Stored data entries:
◇ ◇ ◇ ◇ ◇

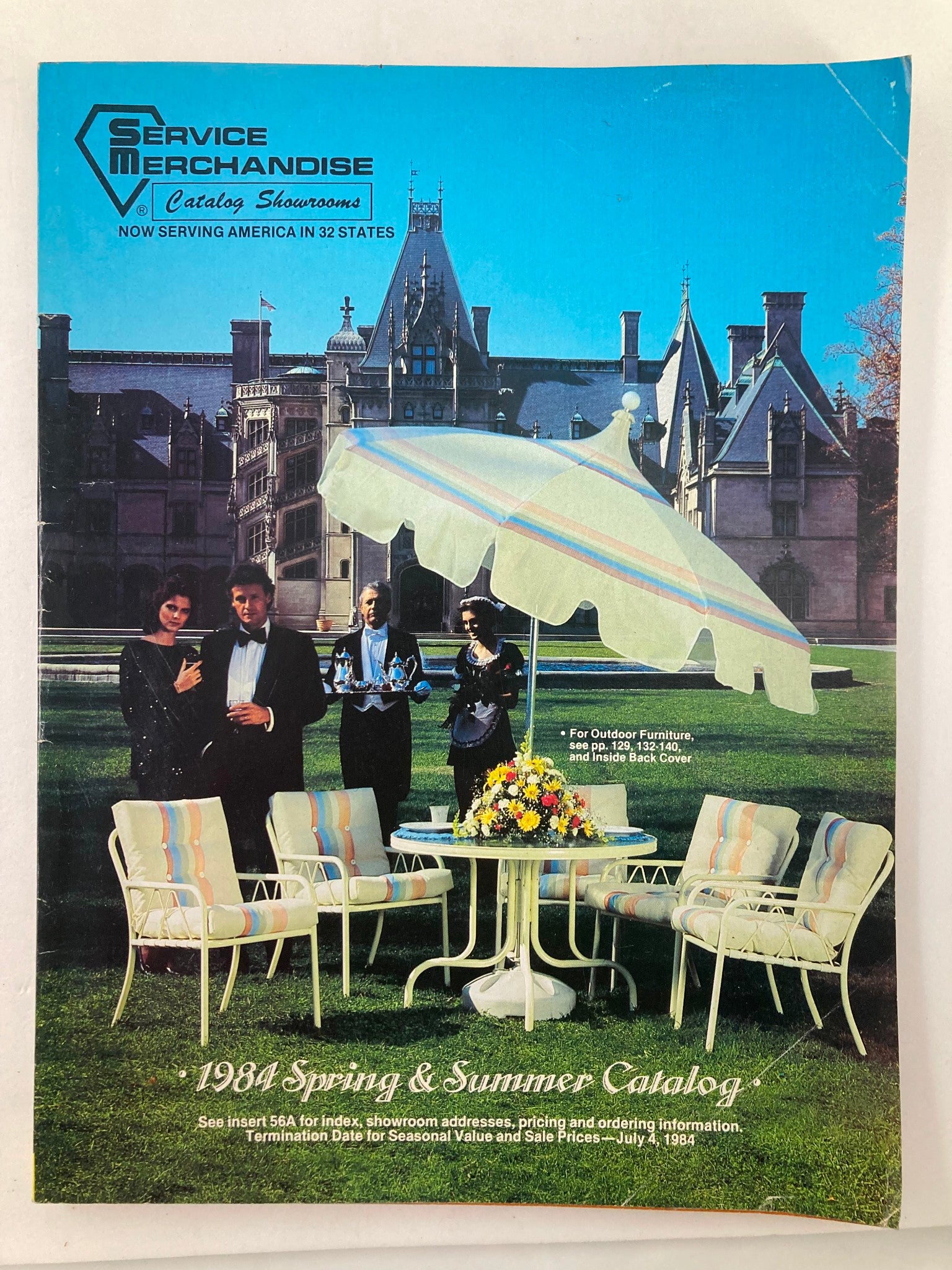 1984 Service Merchandise Spring and Summer Catalog Showrooms cover featuring a stylish outdoor scene with people, elegant patio furniture, and a backdrop of a grand building.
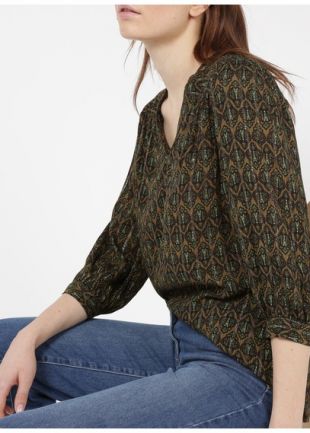 TOP COL V AMPLE IMPRIMÉ  MOUSSE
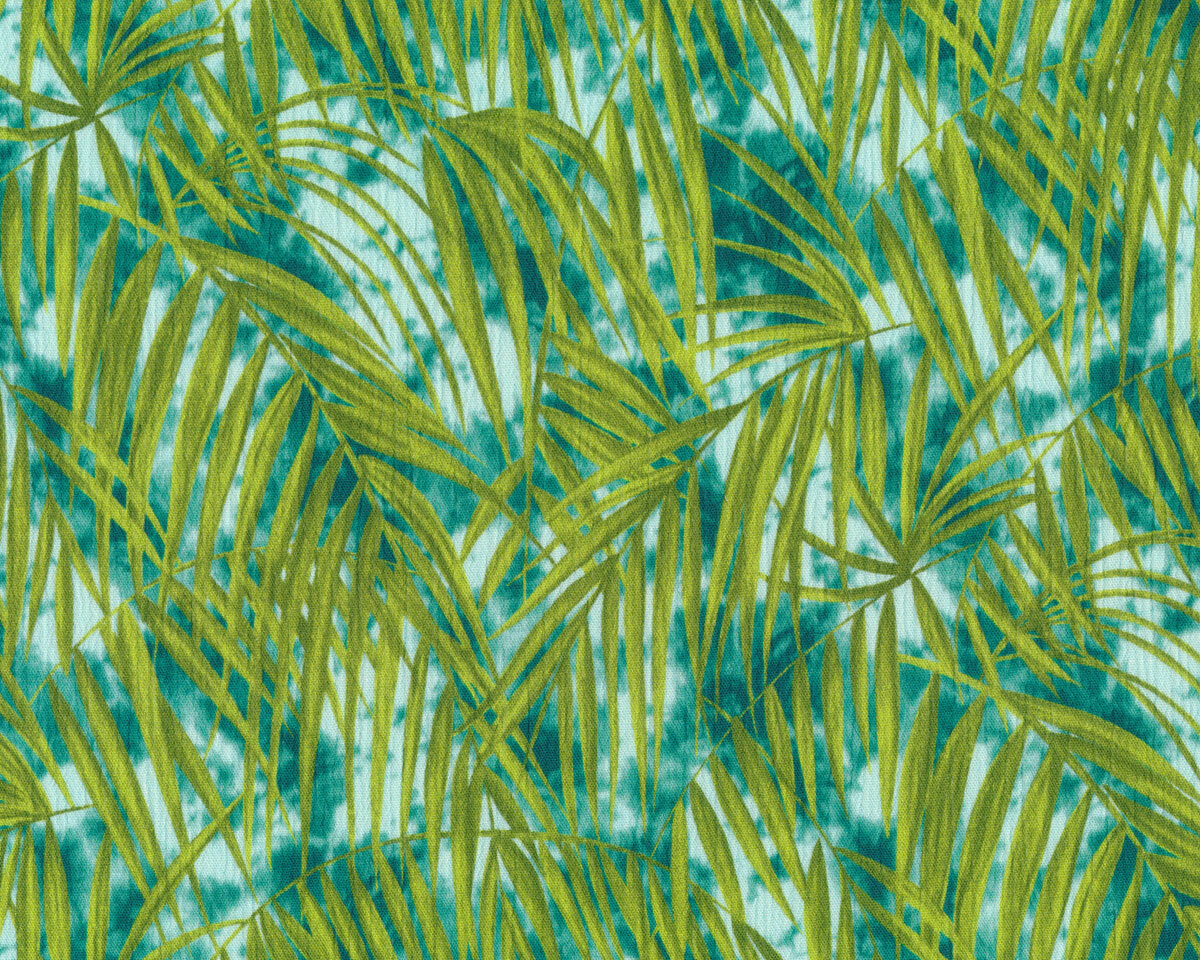 Viskosekreppstoff ARMATA, Palmen-Blätter, grasgrün, Hilco
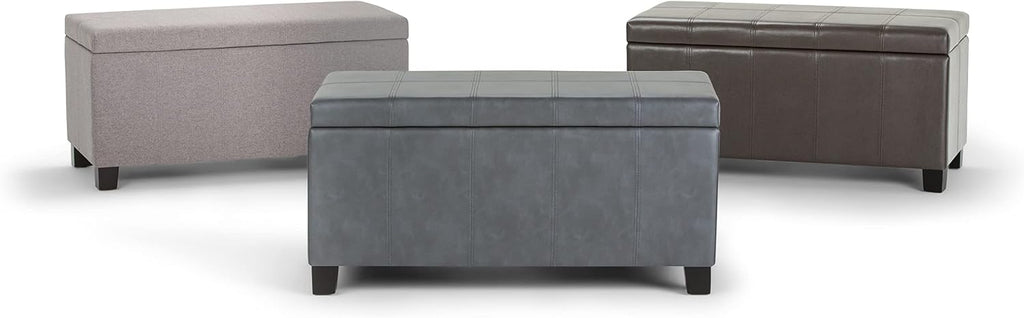 SIMPLIHOME Dover Storage Ottoman Bench - 36 inch Wide Upholstered Vegan Leather Rectangular Lift-Top Ottoman in Chocolate Brown, Contemporary Bench for Living Room with Safety Hinges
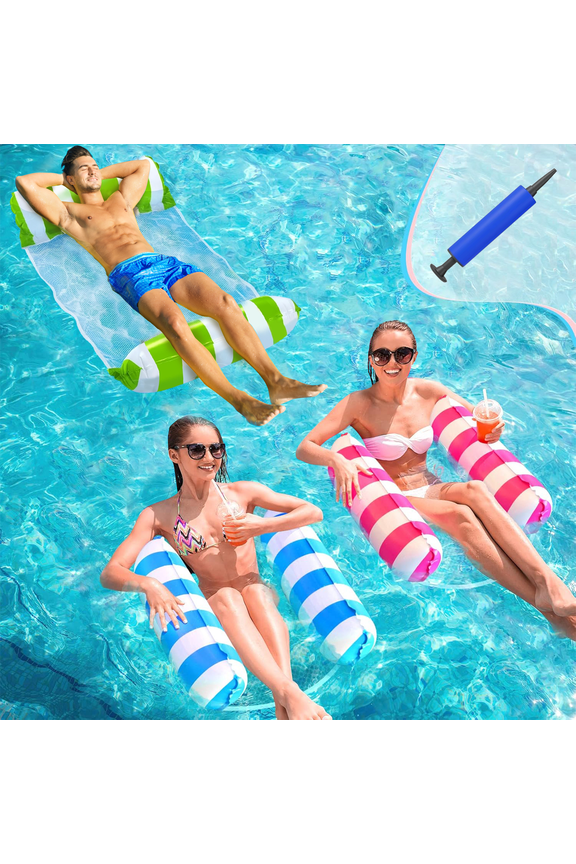 3 Pack Inflatable Pool Floats Adult Size Water Hammock, 4-in-1 Multi-Purpose Floats for Swimming Pool, Pool Floaties for Adults, Pool Rafts Lounge Chairs Floating, Hammock Floats Vacation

◇ ◇ ◇ ◇ ◇

Begin with the first line of the entries above and write out each line exactly, ending with the line containing "SIMPLIHOME Dover Storage". Leave out pictures.

 1984 Service Merchandise Spring and Summer Catalog Showrooms cover featuring a stylish outdoor scene with people, elegant patio furniture, and a backdrop of a grand building.
 TOP COL V AMPLE IMPRIMÉ  MOUSSE
 Viskosekreppstoff ARMATA, Palmen-Blätter, grasgrün, Hilco
 SIMPLIHOME Dover Storage Ottoman Bench - 36 inch Wide Upholstered Vegan Leather Rectangular Lift-Top Ottoman in Chocolate Brown, Contemporary Bench for Living Room with Safety Hinges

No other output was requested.